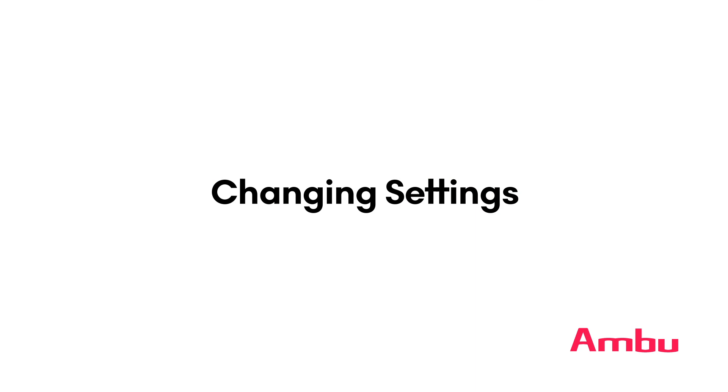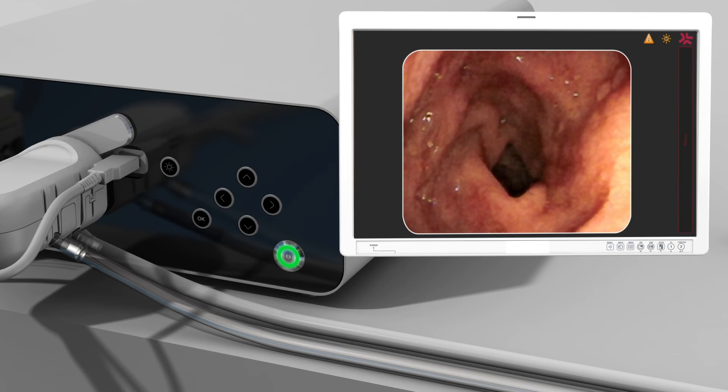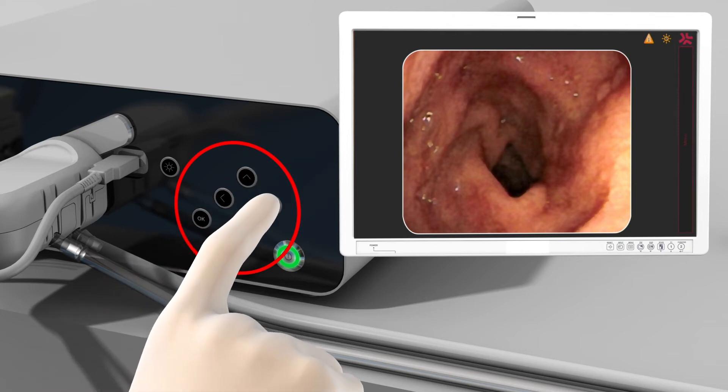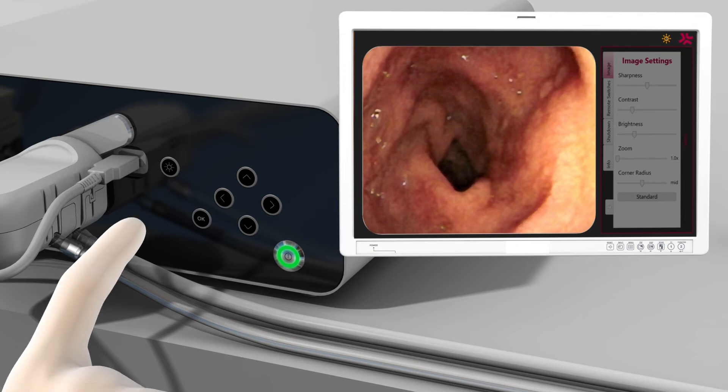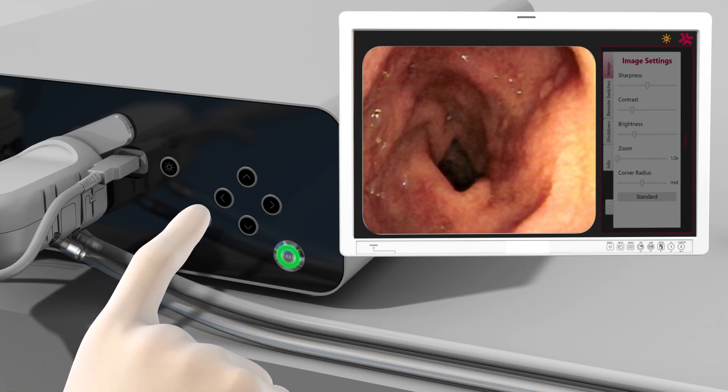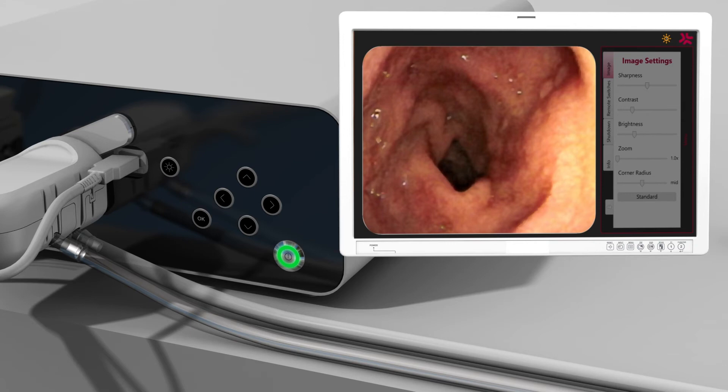The A-Box Duodino allows you to set a variety of preferences to personalize procedures with the system. To make these changes, navigate to the settings menu by pressing any of the navigation keys located on the right side of the A-Box Duodino front panel. Changes can be made without a scope connected; however, it is strongly recommended to only make image adjustments with an A-Scope Duodino properly connected. It is recommended that preferences be finalized before starting a procedure; however, access to settings is active at all times while in exam mode. Press the OK button on the front panel after making a change to save the new settings.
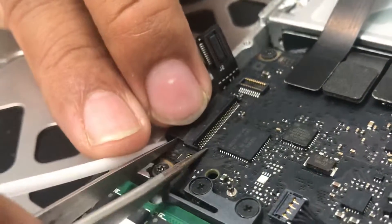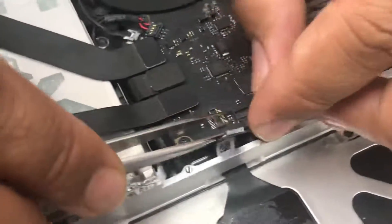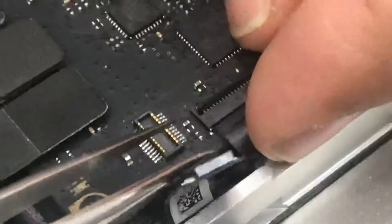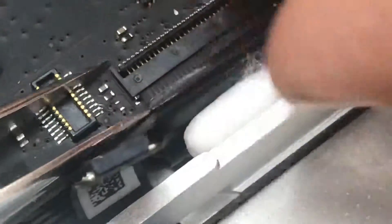One side is in, then do the other side. As you can see, when I placed the cotton bud underneath the cable and pushed from one side, then the other, it went in easily. Be very careful not to put extra pressure on it — if you do, it breaks easily.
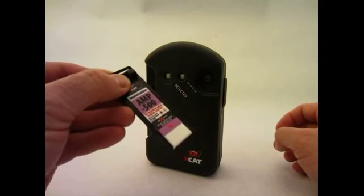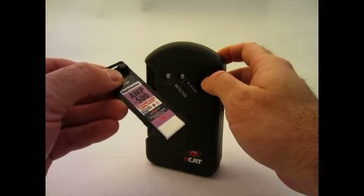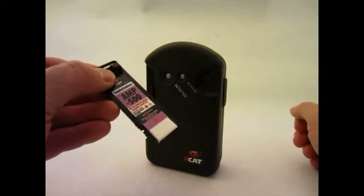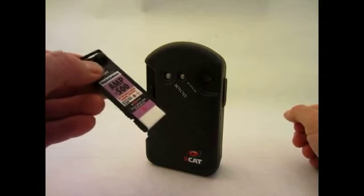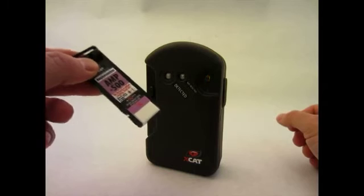After the sample is collected on the sampling card, press the XCAT power button and hold until the light begins to flash. Wait until the light stops flashing. When the light glows solid, the unit is ready for use.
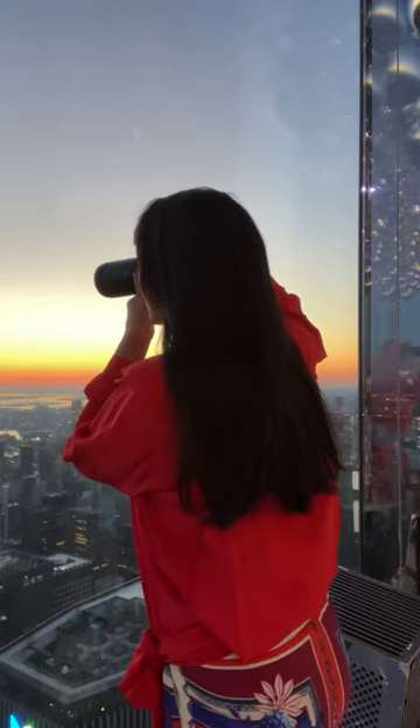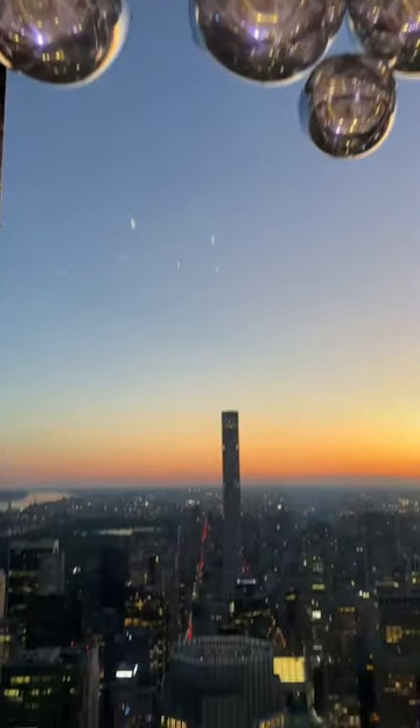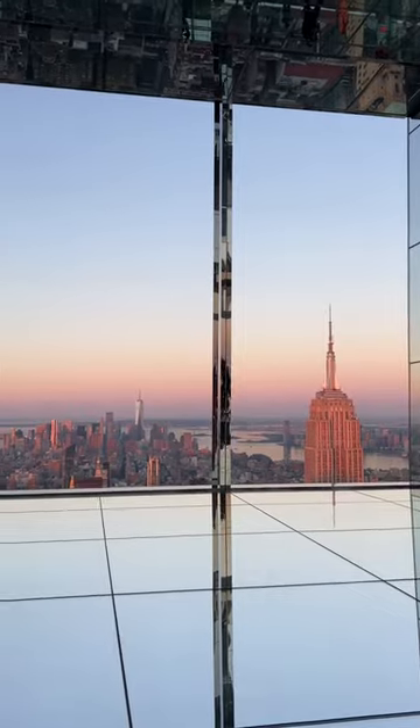Last time I made a video like this, I kept getting comments like, just use a polarizer. Not everyone is a photographer and carries one around. This is for them.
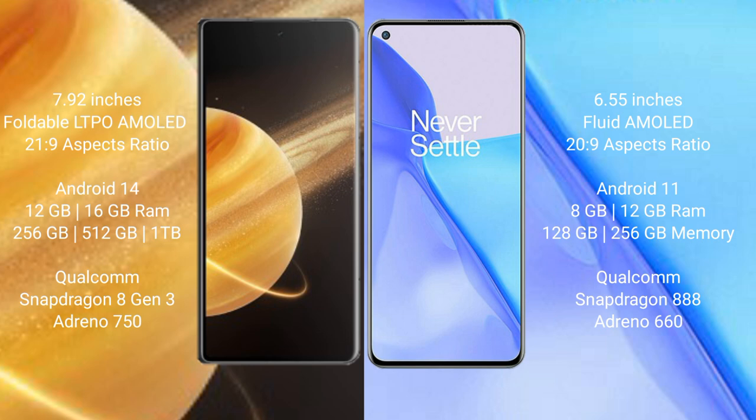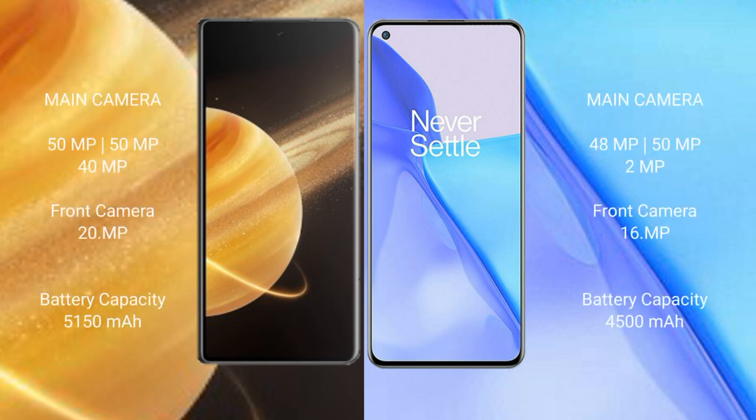The Honor Magic V3 features a rear triple camera setup with 15MP plus 15MP plus 40MP lenses and a 20MP front camera. The OnePlus 9 features a rear triple camera setup with 48MP plus 50MP plus 2MP lenses and a 16MP front camera.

◆ Task statement
Your output should be the lines from the line containing "Last time I" through the last line of the listing above, restated exactly, with no pictures among them.

◆ Response to the exercise
Last time I made a video like this, I kept getting comments like, just use a polarizer. Not everyone is a photographer and carries one around. This is for them.
The Honor Magic V3 features a rear triple camera setup with 15MP plus 15MP plus 40MP lenses and a 20MP front camera. The OnePlus 9 features a rear triple camera setup with 48MP plus 50MP plus 2MP lenses and a 16MP front camera.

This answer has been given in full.